SQL Functions for Hashed Path Fingerprints

These functions are used to compute path-based fingerprints. CHORD also functions to compute fragment-based fingerprints. There is some discussion about the differences between these two methods below.
Function SQL example
fp Select fp('c1ccccc1C(=O)NC');

Update nci.structure set gfp = fp(smiles); -- example 2; takes about 10 minutes for 250,000 structures

Select count(smiles) from nci.structure where
    contains(gfp, fp('c1ccccc1C(=O)NC'))
 and matches(smiles, 'c1ccccc1C(=O)NC')
; -- example 3 --
fp Select fp('c1ccccc1C(=O)NC',128);

Update nci.structure set gfp = fp(smiles,512);

Select count(smiles) from nci.structure where
    contains(gfp, fp('c1ccccc1C(=O)NC',512))
 and matches(smiles, 'c1ccccc1C(=O)NC')
;
fp Select fp('c1ccccc1C(=O)NC',2048,64,25);

Update nci.structure set vfp = fp(smiles,2048,64,25);

Select count(smiles) from nci.structure where
bit_contains(vfp, fp('c1ccccc1C(=O)NC',2048,64,25))
 and matches(smiles, 'c1ccccc1C(=O)NC');
All the above functions are installed into a SCHEMA named gnova.
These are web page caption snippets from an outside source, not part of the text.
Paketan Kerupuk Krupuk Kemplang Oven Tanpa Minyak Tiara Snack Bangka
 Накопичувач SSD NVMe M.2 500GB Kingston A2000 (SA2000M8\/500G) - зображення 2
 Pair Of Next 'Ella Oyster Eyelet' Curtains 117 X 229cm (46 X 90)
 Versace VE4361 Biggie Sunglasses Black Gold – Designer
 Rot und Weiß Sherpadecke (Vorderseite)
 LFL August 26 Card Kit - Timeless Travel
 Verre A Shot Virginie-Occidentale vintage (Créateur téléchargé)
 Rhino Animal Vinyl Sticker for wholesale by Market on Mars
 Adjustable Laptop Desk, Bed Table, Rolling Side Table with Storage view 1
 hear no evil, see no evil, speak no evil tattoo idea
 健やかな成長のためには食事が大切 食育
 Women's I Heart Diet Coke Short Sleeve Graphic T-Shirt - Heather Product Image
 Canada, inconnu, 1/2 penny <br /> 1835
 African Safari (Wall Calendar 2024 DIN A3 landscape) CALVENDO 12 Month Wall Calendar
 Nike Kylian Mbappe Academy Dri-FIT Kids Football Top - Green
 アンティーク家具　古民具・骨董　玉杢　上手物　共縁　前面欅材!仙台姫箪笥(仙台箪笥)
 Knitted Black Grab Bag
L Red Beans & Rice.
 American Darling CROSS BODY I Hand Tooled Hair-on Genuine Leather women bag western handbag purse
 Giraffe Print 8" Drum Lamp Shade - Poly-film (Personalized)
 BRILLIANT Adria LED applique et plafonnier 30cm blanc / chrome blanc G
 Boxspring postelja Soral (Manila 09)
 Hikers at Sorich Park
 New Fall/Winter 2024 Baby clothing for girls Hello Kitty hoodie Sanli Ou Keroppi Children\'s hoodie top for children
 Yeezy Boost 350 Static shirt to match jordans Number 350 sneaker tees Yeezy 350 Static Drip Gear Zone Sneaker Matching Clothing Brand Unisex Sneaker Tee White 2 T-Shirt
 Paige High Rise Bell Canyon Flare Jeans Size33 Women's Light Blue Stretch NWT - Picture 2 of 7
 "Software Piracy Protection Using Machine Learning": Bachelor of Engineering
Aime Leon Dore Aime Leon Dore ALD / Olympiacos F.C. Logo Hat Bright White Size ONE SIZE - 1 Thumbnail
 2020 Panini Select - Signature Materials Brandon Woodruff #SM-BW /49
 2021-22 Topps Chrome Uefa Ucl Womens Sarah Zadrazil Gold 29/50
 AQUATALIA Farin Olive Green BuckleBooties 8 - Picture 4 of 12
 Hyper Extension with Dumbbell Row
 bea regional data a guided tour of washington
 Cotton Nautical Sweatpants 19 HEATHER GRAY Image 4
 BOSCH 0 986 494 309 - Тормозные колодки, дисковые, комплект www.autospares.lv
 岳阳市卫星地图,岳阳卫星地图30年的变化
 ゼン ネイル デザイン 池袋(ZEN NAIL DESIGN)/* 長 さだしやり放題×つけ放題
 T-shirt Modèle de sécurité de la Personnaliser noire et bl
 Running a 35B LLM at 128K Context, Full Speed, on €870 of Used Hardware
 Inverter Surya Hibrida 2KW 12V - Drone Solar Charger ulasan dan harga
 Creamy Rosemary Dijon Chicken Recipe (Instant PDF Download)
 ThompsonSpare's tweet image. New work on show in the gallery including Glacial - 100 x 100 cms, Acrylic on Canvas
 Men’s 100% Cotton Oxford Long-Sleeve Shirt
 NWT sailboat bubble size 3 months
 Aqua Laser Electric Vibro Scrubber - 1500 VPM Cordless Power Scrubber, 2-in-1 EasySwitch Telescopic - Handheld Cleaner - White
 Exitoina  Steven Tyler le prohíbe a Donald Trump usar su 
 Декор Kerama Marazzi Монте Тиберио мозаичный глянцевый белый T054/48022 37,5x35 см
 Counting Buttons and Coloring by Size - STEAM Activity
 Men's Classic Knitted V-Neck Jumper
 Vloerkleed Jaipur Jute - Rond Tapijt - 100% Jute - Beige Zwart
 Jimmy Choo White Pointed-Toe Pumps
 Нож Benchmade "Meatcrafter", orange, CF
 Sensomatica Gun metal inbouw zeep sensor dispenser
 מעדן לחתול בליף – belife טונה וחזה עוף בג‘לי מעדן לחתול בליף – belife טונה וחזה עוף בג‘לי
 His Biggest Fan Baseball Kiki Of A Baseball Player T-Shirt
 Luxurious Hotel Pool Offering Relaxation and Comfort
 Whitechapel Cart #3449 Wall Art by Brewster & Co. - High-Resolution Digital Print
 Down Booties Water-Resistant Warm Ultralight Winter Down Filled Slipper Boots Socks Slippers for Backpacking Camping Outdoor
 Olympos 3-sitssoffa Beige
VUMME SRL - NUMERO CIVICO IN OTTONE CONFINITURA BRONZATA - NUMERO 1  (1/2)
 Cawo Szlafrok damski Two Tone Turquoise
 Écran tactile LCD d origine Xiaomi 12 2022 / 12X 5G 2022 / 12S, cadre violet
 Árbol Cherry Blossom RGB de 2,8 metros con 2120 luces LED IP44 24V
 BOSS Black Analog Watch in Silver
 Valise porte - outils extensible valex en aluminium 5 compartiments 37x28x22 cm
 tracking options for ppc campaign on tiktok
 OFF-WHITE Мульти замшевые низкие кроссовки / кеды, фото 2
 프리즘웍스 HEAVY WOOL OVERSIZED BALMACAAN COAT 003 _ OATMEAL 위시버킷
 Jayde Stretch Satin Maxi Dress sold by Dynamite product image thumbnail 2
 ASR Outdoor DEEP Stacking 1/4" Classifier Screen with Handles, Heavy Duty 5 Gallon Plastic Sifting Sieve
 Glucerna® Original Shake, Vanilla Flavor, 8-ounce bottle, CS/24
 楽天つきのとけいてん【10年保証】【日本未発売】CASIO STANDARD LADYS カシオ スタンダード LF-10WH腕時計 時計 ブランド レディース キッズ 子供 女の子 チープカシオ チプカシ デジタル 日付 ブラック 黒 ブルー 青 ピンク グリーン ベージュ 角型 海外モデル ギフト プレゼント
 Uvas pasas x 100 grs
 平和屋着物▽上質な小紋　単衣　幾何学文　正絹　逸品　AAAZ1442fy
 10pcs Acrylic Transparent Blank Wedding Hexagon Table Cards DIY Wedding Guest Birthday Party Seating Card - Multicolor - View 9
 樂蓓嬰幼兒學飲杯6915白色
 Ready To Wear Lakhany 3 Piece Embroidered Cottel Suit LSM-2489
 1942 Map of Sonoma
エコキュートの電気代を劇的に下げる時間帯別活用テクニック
They can be accessed as, for example gnova.fp. Or, you can set your search_path to include the SCHEMA gnova and access them by their unqualified names, for example fp.

fp(text Smiles) returns bit

This function takes a Smiles string and returns a 1024 bit string fingerprint which encodes many of the structural features of the Smiles. The main purpose of this fingerprint is to speed up sub-structure searching. One typically stores a fingerprint for each Smiles in a table, say in a column called gfp, as in example 2 above. The search shown in example 3 runs faster because it uses the bit_contains and fp functions before the matches function. This is discussed in more detail in later sections of this document. More flexible versions of this function are described below.

fp(text Smiles, integer bitsize) returns bit

This function takes a Smiles string and returns a bit string fingerprint which encodes many of the structural features of the Smiles. The parameter bitsize specifies the number of bits the fingerprint is to contain. The fp function refuses to compute fingerprints longer than 32768 bits, or shorter than 16 bits. The bitsize should be a power of two: 16, 32, 64, 128, 256, 512, 1024, 2048, 4096, 8192, 16384 or 32768. Other bitsizes are tolerated, but the distribution of bits within the bit string fingerprint is uneven, due to the algorithm used to compute the fingerprint. The size of the fingerprint can affect it's usefulness. This is discussed in more detail in later sections of this document.

fp(text Smiles, integer maxbits, integer minbits, integer fold) returns bit varying

This function takes a Smiles string and returns a bit string fingerprint which encodes many of the structural features of the Smiles. This is an even more flexible version of the function above, since it allows you to provide additional parameters specifying how the fingerprint is to be computed. The parameter maxbits specifies the maximum number of bits the fingerprint is to contain. The parameter minbits specifies the minimum number of bits the fingerprint is to contain. The fingerprint is first computed using maxbits bits and then possibly folded in half repeatedly, as long as the percentage of bits set to 1 is less than the fold parameter and the size of the fingerprint does not go below minbits. This ensures that sparse fingerprints are avoided. Small and simple structures would otherwise have sparse fingerprints. Both maxbits and minbits must be less than 32768 and greater than 16. Both the maxbits and minbits parameters should be a power of two: 16, 32, 64, 128, 256, 512, 1024, 2048, 4096, 8192, 16384 or 32768. The parameter maxbits must not be less than minbits. A more elaborate explanation of how this all works is given below.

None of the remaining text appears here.